Elizabeth is lying in the Palace of Westminster, first built in the 11th century and reconstructed in 1834 after a fire. You all know this building; it’s where the Houses of Parliament are and is flanked by the tower of Big Ben:
So get your tuchas in line if you’re in London want to see it all. Here’s a live tracker of the waiting time and a map, but you’ll want to watch the live feed of the lying-in-state at the bottom of this post.
Here’s The Queue at present At least you can see many of London’s sights as you shuffle along for a day or so. It’s now about 5.5 miles long, which means it would take you two hours to walk past it all at normal speed.

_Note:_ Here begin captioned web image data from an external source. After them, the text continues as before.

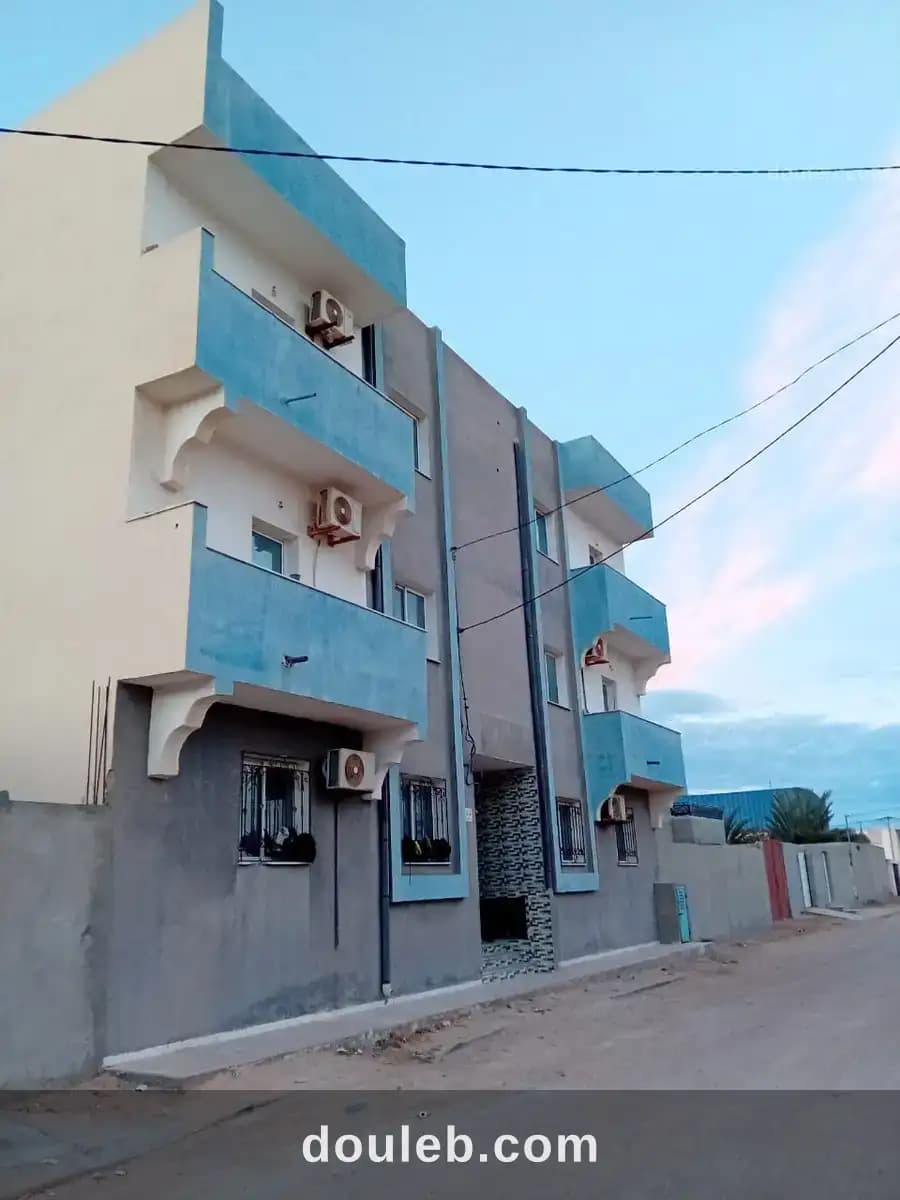 Immeuble de 6 appartements à ghanouche à Gabès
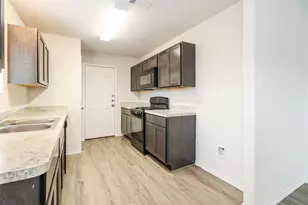 3800 Avalon Ln, Conroe, TX 77301 - Photo 5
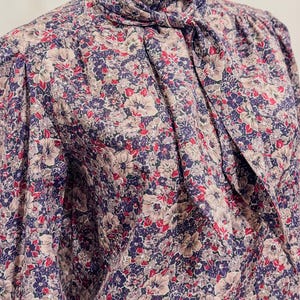 Vintage Floral Print Pussycat Bow Blouse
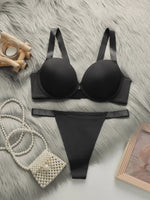 Thickened bra set gathering and bursting solid color set suitable for wearing sexy women's underwear with small breasts B2051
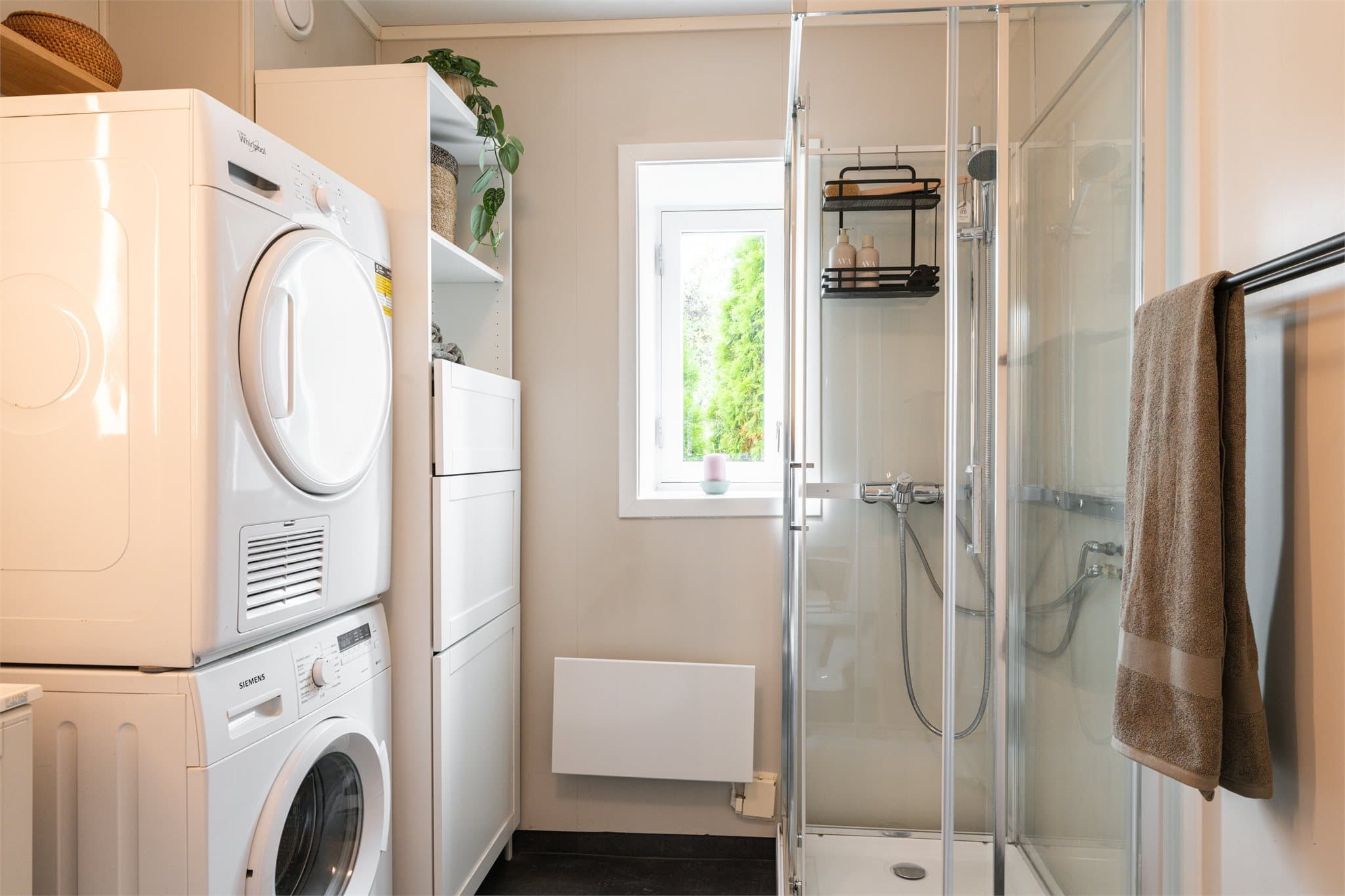 Det er opplegg for vaskemaskin og tørketrommel.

Satellite images! Enlarge the photos.
A line long enough to see from space:@Maxar satellite imagery taken this afternoon above London shows people waiting to pay their respects to Queen Elizabeth II at Westminster Hall. pic.twitter.com/7IS8Y3R7x0
— Michael Sheetz (@thesheetztweetz) September 16, 2022
I have to say that although I wasn’t a big fan of Queen Elizabeth, and an even smaller fan of the Royal Family, it is touching to see the Brits come out in such huge numbers, enduring long waits for a few seconds of meditation before the coffin of their late Queen. They are a stalwart folk, able to endure a lot to show their love of country. Even Matthew, who is like me (thought Elizabeth was okay, doesn’t like the Royal Family), wavered a bit, sending me an email this morning:
Almost makes me want to go. Almost.
He won’t go, of course, but it’s telling that the thought crossed his mind. He also sent me a fantastic series of tweets by Jules Birkby. a 42-year-old artist who endured the long wait with her mum. I highly recommend that you read through her whole series! (Keep clicking “show more replies” when you get to the end of one part.) Birkby is full of patience and good humor, and really gives you a sense of what it’s like to walk The Queue. Click on the first tweet below to get started:
My Mum absolutely loves the Queen and is the owner of many a commemorative item (plates, tea towels, spoons, mugs, cake tins). She spent her honeymoon in London for the Queen’s Silver Jubilee. She spent all night queuing to see the Queen Mum’s coffin, before working the next day.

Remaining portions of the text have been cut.